Writing acts as a reminder for me. Often I go back to read the words I’ve formulated, and I think, “Oh, I forgot about that.” I hadn’t remembered I felt that or a certain thing happened on a certain day. It’s like finding the unexpected twenty in your pocket. The words are spendable—treasure. Or when I’m writing fiction, I’m often surprised where the characters I’ve created take me. I’m taken aback by how much I love them and want to find out what happens to them. Hear them.
I find pleasure in the details when I write. I have bits of paper in my purses and often when I’m digging for my lipstick find a sticky note with phrases I’ve scavenged such as: “like the cat bringing the mole to the doorstep,” or “moonlight wavering on the tidal creek.” Each time I find one it’s like opening a fortune cookie and I think, “Oh, yes, I wanted to use that phrase in the scene with…”
On a pre-dawn morning in late October 1977, I set out for southern California from Dallas, Texas where I was raised. I had just earned a B.S. in Journalism and English Literature from Texas A&M University/Commerce (the school was known as East Texas State University in 1977). I drove a new brown Camaro. I was 21.

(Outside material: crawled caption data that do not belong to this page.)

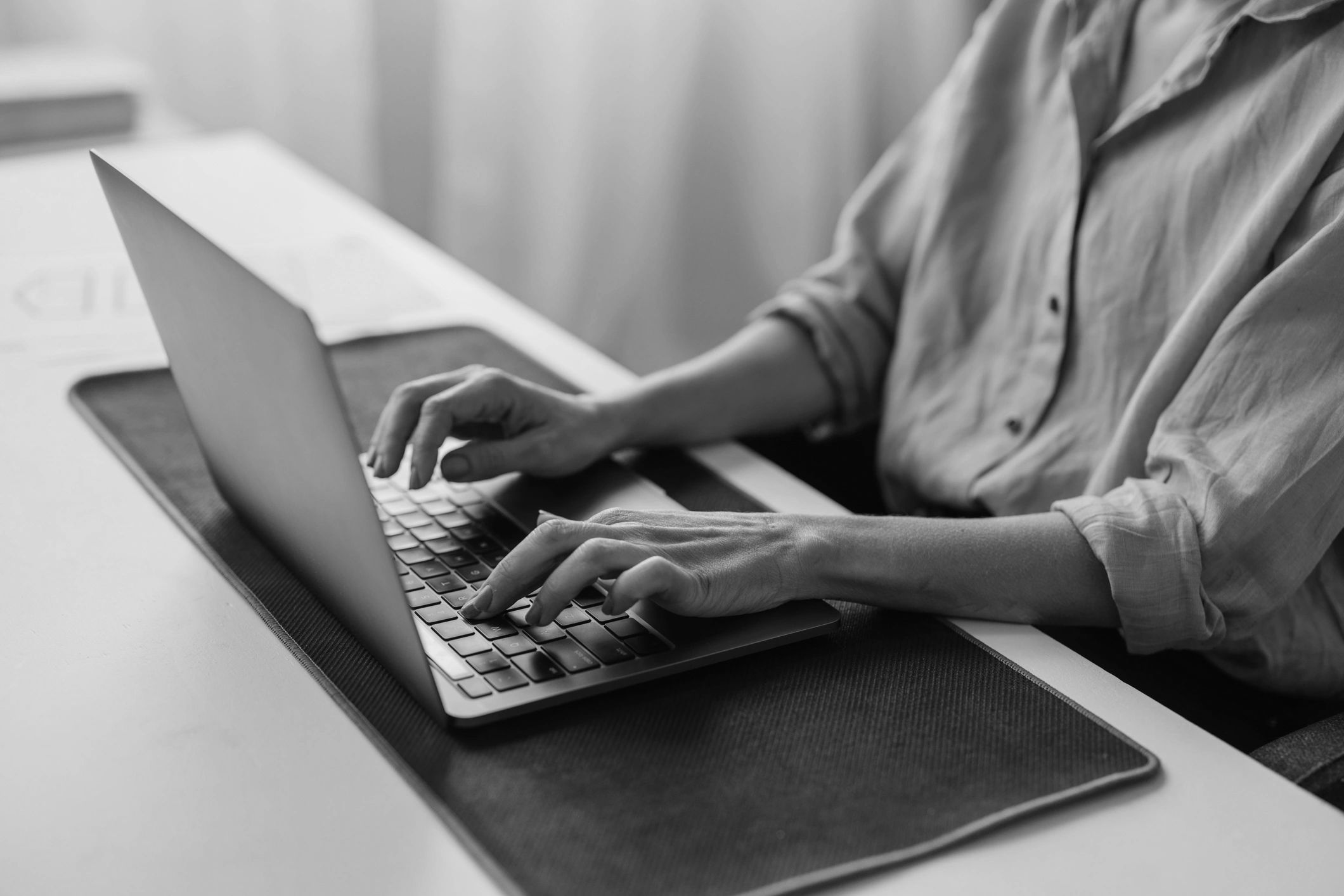 Person typing on a laptop at a yellow desk with a black mat.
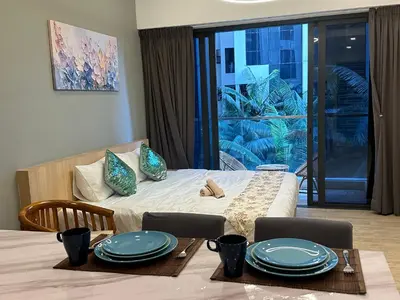a bedroom with a bed and a table with plates on it at MCity Studio With Balcony, Near KLCC, Gleneagles Hosp, Ampang Puteri Hosp in Kuala Lumpur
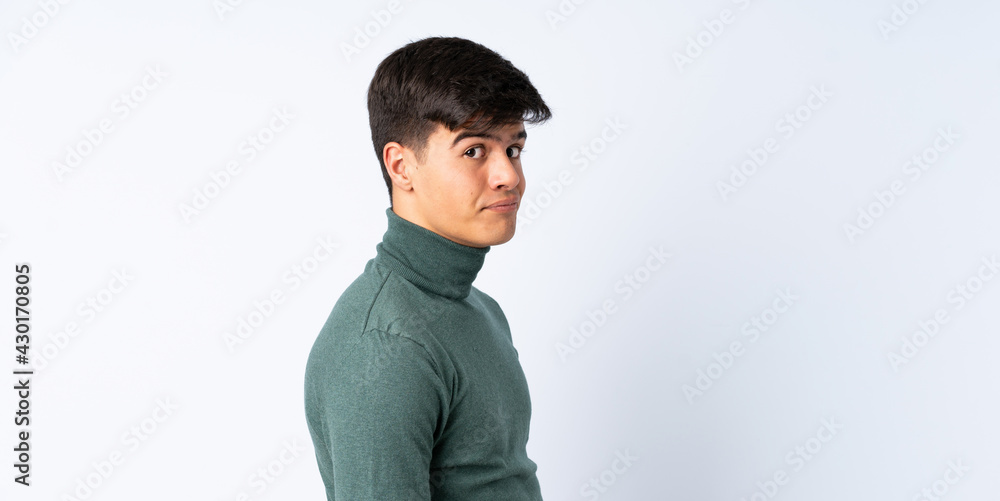 Handsome man over isolated blue background . Portrait Handsome man over isolated blue background . Portrait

I found my way across country to San Bernardino, California, near Los Angeles, to work as a writer for Campus Crusade for Christ. Each day I drove my new car from my apartment in the foothills up the mountain to Arrowhead Springs, a famous resort that Campus Crusade had bought and redesigned for their headquarters. Each day I sat at my electric typewriter and pecked out evangelistic feature stories for their magazine, Worldwide Challenge.
After three years, I met and married a brilliant writer and editor that I met at the magazine. We had two daughters and life took us all over the country—Oregon, back to California, Illinois and finally South Carolina. Through these years I was a homemaker, homeschooler and part-time student of psychology. Writing took a backseat, yet I really never stopped picking up the pen, as I journaled consistently—writing acting as a healing agent when my marriage unraveled and I was divorced in 1999.
I eventually married an Italian man I had met at age 17. But that’s another story—a book, actually—that brought me back to writing again when I decided to tell our story. (Read an excerpt of An Ocean Away under Books). Missing God, a novel, followed soon after, and explores grief, loss and addiction—linking that shadowy place to a more hopeful terrain of expectation and possibility for change.
My most recent title, On A Clear Blue Day, is a collection of 96 readings for contemplation and reflection that move through the seasons of the year. Each essay engages the reader with such topics as regret, intimacy, vulnerability and imperfection. I attempt to weave a divine thread through the quotidian.
Currently I live in Charleston, South Carolina with my Italian husband. My writing often reflects love of metaphor and the symbolism found in dreams—those parables in the night watches. My faith in God is foundational to my life—His grace my indelible refuge.